Saturday, November 8, 2008

First Impressions Pay Off

By Mark Brousseau

For services and solutions providers, making a positive first impression is important, says Scott Swidersky (, vice president, Information Systems Division, of Quality Associates, Inc. (QAI), a 300-employee, Fulton, MD-based provider of systems integration and outsourced services. And Swidersky has the sales results to prove it. After investing in a multi-story, 120,000-square-foot corporate facility two years ago, QAI’s revenues will grow 30 percent this year – in large part from the impact of bringing prospects to the company’s swanky facility.

Swidersky spoke during AIIM's 33rd Annual Document Management Service Providers Executive Forum in Austin last week.

“It’s always difficult finding sales opportunities. And it’s difficult working these opportunities through the sales cycle. But it’s even more difficult to close sales opportunities. With this in mind, we started investing in our corporate facilities to distinguish ourselves from our competitors,” Swidersky says.

“Part of our sales strategy is trying to distinguish ourselves as an organization. We have a lot of competitors in the Washington D.C. area, and some of them are huge systems integrators – Lockheed Martin, EDS, and CSC," Swidersky explains. "We find that the positive impression our facility leaves on prospects is the single largest distinguishing factor in our sales cycle.”

In addition to helping QAI attract new clients, the facility also boosted employee morale. “And it helps in our ability to attract quality people as it shows that we are providing a career, not just a job,” he says.

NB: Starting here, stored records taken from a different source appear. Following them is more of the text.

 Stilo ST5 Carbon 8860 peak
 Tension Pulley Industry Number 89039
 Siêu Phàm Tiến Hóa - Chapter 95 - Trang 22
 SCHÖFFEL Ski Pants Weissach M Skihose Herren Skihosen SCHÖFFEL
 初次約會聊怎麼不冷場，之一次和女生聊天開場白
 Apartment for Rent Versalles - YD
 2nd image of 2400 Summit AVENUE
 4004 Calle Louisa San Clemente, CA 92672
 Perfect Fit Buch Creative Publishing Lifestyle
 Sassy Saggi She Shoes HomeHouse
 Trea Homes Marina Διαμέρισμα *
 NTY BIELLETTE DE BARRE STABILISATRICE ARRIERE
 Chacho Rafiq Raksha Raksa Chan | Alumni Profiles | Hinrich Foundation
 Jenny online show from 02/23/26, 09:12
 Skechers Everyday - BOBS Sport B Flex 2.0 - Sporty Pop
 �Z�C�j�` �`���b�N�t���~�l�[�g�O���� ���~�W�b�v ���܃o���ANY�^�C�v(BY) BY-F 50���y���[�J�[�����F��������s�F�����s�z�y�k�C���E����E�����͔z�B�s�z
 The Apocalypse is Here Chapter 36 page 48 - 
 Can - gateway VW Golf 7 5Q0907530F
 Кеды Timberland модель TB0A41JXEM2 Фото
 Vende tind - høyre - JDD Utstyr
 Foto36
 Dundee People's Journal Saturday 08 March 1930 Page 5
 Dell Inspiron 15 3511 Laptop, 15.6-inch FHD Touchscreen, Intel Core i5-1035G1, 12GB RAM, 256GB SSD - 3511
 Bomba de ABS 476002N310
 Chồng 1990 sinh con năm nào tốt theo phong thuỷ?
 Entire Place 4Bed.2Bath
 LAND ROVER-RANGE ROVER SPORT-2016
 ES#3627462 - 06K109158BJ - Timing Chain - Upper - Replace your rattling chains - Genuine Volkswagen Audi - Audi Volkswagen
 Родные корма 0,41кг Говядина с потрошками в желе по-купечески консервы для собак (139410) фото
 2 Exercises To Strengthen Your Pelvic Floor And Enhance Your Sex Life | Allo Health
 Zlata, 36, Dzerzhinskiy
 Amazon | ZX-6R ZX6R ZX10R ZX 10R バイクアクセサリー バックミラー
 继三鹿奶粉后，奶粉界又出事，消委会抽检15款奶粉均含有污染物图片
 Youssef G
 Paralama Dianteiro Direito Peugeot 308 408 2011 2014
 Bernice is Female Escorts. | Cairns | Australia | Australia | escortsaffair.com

QAI’s modern facility includes a learning center, where vendors can demonstrate new solutions and QAI can conduct client training; dedicated work spaces for client projects; and a lab that provides testing and product demonstration space for employees and clients alike. Since moving into the new space, QAI hosts periodic educational events for clients in its offices – providing education for the clients, while strengthening the relationship between QAI staff and the company’s customers.

“We are always inviting prospects and clients back to our offices,” Swidersky notes. “This demonstrates confidence. And confidence is a big part of the sales cycle.”

“We are proud of our facility, and it shows,” Swidersky says.